Exact copy, no pictures: reproduce the lines from the one that holds "Young boy playing" through the end of the entries.

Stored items
........
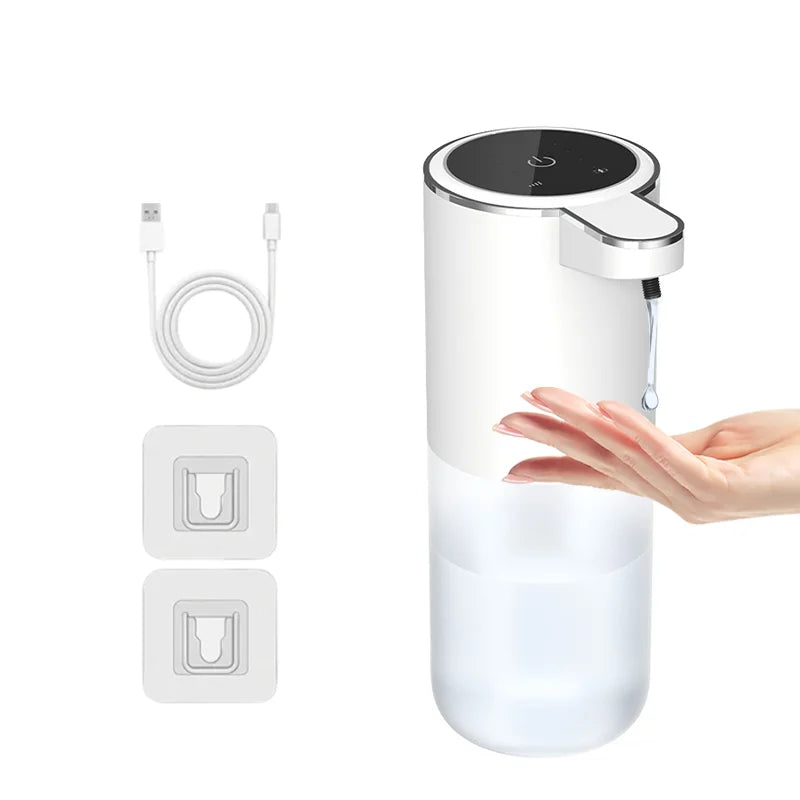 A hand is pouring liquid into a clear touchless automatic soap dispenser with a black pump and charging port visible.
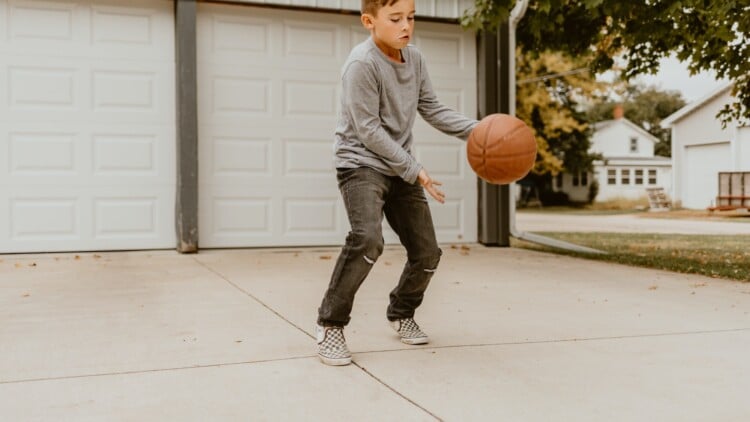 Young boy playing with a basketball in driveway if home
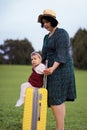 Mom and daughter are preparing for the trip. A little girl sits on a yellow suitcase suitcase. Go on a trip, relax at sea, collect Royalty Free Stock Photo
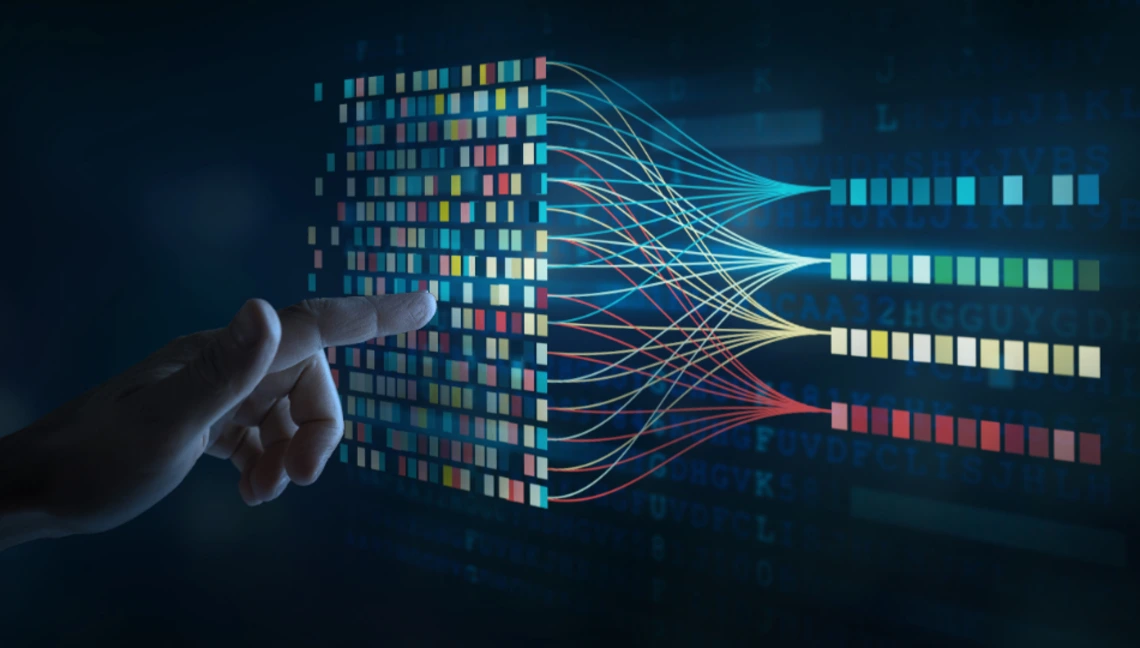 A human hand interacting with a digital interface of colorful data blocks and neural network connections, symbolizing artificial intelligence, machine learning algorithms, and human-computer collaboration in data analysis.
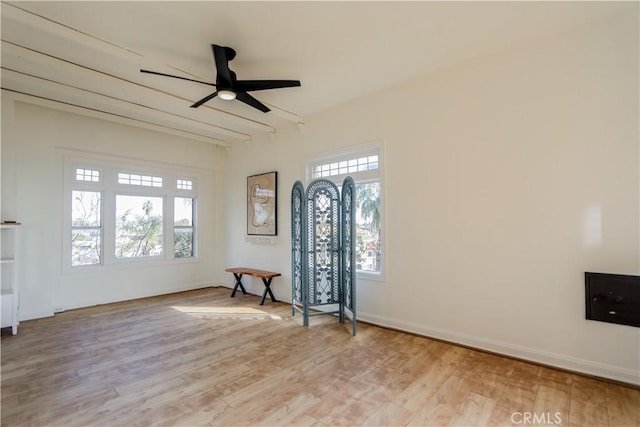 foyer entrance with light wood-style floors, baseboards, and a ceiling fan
........
### TASK OUTPUT
 Young boy playing with a basketball in driveway if home
 Mom and daughter are preparing for the trip. A little girl sits on a yellow suitcase suitcase. Go on a trip, relax at sea, collect Royalty Free Stock Photo
 A human hand interacting with a digital interface of colorful data blocks and neural network connections, symbolizing artificial intelligence, machine learning algorithms, and human-computer collaboration in data analysis.
 foyer entrance with light wood-style floors, baseboards, and a ceiling fan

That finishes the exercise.